French applaud our farm assurance and use of machinery

By Charles Abel

UK growers are far better mechanised than their French counterparts and it is paying them back handsomely. Farm assurance is also set to provide a competitive advantage.

Those are the views of Pierre Coutris, who led a group of 14 French arable farmers around East Anglia on a tour organised by Cargill last week.

"UK farmers seem to be prepared to invest massively in very large equipment to exploit the full yield potential of their land. This is not yet the case in France," says Mr Coutris of Valeur Agricole, a grain marketing company based near Paris.

High capacity machines mean growers can get big areas of crops established, sprayed and harvested in optimum conditions, so pushing yield hard, he feels. "Several members from our group are already talking about working together to buy the same sort of equipment."

Farms belonging to the Ceta Germijny technical discussion group based near Bourges, south of the Loire, range in size from 200 to 700ha (500 to 1700 acres). Although soil type and rainfall are similar to Lincolnshire, summer temperatures and evaporation rates are far higher, holding wheat yields down to a 7.5t/ha (3t/acre) average, notes Mr Coutris.

However, the French governments CUMA scheme offers preferential tax and interest rates and credit guarantees to encourage farmers to work together, explains Mr Coutris.

"Farmers in the UK seem to have cash from profits to make the investments themselves. This is quite surprising. In France we had it quite good for a few years until this year, but we did not have the oxygen supply provided by your weak £ back then."

UK farmers are also ahead of the game on farm assurance. "I am not aware of anything on the same scale as the UK schemes.
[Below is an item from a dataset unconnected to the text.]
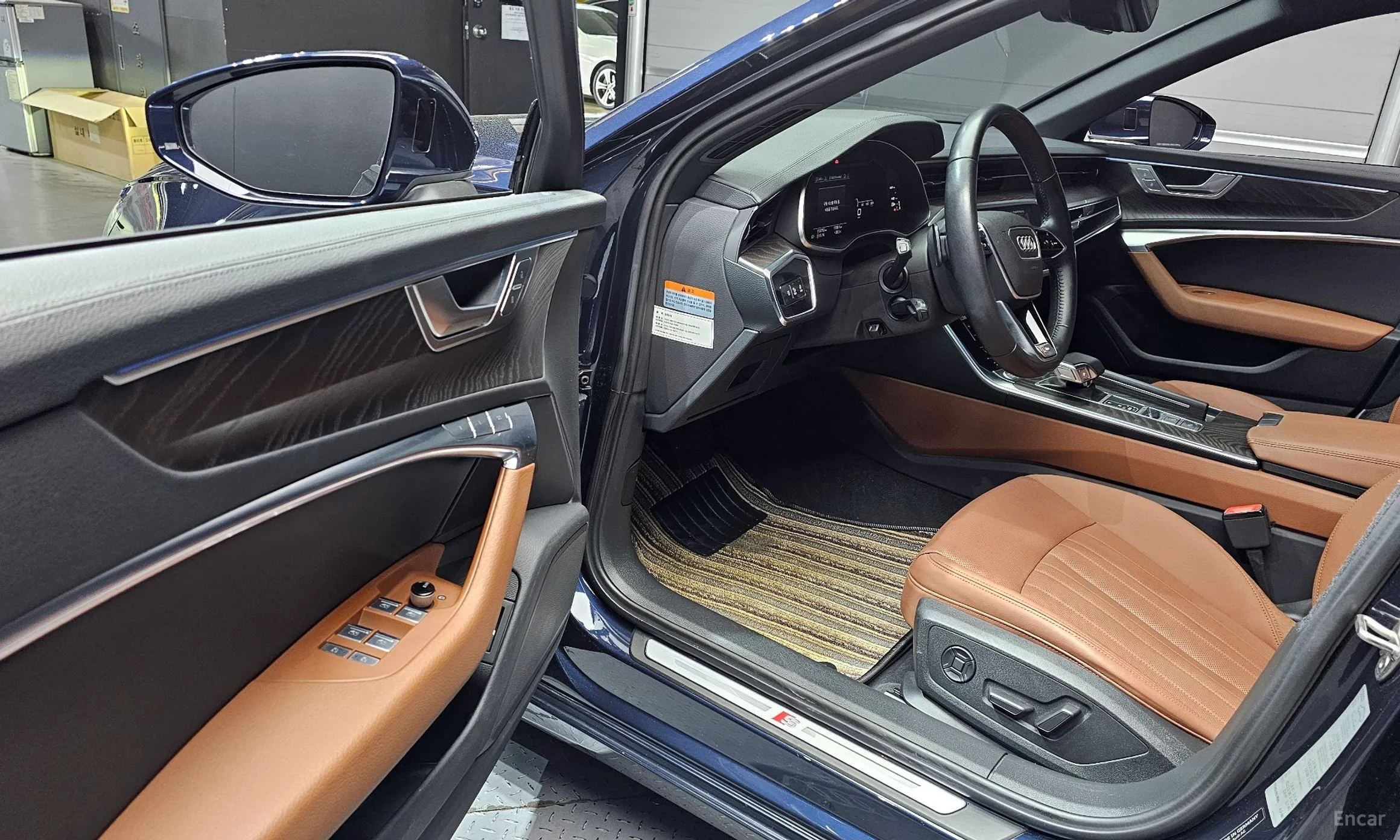 Audi A6 (C8) превью 10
I am sure it will come and it is the right thing for farmers to do. But the pressure from buyers is only just starting here."
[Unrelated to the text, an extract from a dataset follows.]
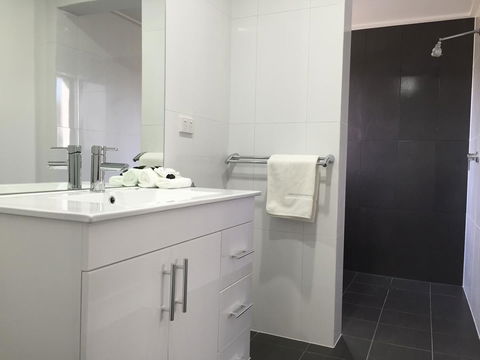 Hilton Beachfront Motel - Hotel Accommodation 37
However, Mr Coutris believes French growers benefit greatly from a more efficient system for getting grain into intervention. "Our industry, with its co-ops, is much better at this, keeping more of the money for farmers."


&#8226 Hefty investment in kit ensures timely field work leading to top yields.

&#8226 Better profits from recent years is helping finance purchases.

&#8226 UK growers in front on farm assurance – French buyers only just demanding.

Anglo-French accord…Lincs farmer Martin Jenkinson (left) of Humby Hall, Humby, Grantham explains the finer points of British oilseed rape growing to French farmer group leader Pierre Coutris (right). Main surprises for the French were the level of mechanisation throughout the UK arable sector and the drive for crop assurance.